Another development that should contribute to greater stability is the revival of interest in hash rates and difficulty derivatives. These can be particularly useful for mining operations that want to protect themselves against hash rate fluctuations and difficulty readjustments.

  • The new Bitcoin Core software update uses Bech32 addresses by default


Contrary to some arguments that exist, there are a number of emerging protocols that can provide optional privacy to Bitcoin. That said, it is likely that privacy in Bitcoin will continue to be more an art than a science in the coming years.

More generally, the biggest impediment to private transactions through digital assets is that most solutions are halfway. Privacy cryptocurrencies that focus on privacy in the transaction chart often neglect privacy at the network level, and vice versa. Both vectors suffer from a lack of maturity and use, which makes transactions easier to unprotect by analyzing statistical tracking in the peer-to-peer (P2P) network layer or in the Blockchain layer.

Fortunately, there are several projects that are expanding the limits on both fronts.

When it comes to the privacy of transaction graphics, solutions such as P2EP and CheckTemplateVerify are interesting because privacy becomes a byproduct of efficiency. As novel approaches to CoinJoin, these solutions can increase the adoption of private transactions by users that are motivated only by lower transaction fees. Like CoinJoins, your privacy guarantees remain suboptimal, but amounts sent without shielding can be beneficial, as they preserve the suitability of the Bitcoin supply.

If lower transaction fees become a motivator and lead to an increase in the set of Bitcoin anonymity (the percentage of UTXO that are CoinJoin products), anonymization through statistical analysis will be even more subjective than It is already.

There has also been considerable progress in the privacy of P2P communications, with protocols such as Dandelion being tested through crypto networks.
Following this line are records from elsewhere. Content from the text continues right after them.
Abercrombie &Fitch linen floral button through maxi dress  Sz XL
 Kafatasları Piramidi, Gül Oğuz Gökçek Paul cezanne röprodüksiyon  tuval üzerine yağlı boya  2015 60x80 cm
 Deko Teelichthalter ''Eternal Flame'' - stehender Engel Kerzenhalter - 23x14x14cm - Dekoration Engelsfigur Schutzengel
Another notable development is Erlay, an alternative transaction retransmission protocol that increases the efficiency of private communications and reduces the overhead of running a node. Play is an important improvement since its efficiency gains allow more users to more easily complete the IBD and continuously validate the chain, especially in countries where ISPs impose bandwidth caps.

It’s just the beginning

These examples are just a handful of initiatives at stake to transform the Bitcoin framework. Bitcoin, in its entirety, is a constantly evolving set of protocols. While the evolution within a relatively strict set of rules and values ​​can be a challenge for developers, the layered approach we have seen unfolding is what makes a gradual and effective change possible. Minimizing politicization within Bitcoin and protecting its fundamental monetary properties are necessary parts of the process. The developers are learning to work within these limits in a meaningful way.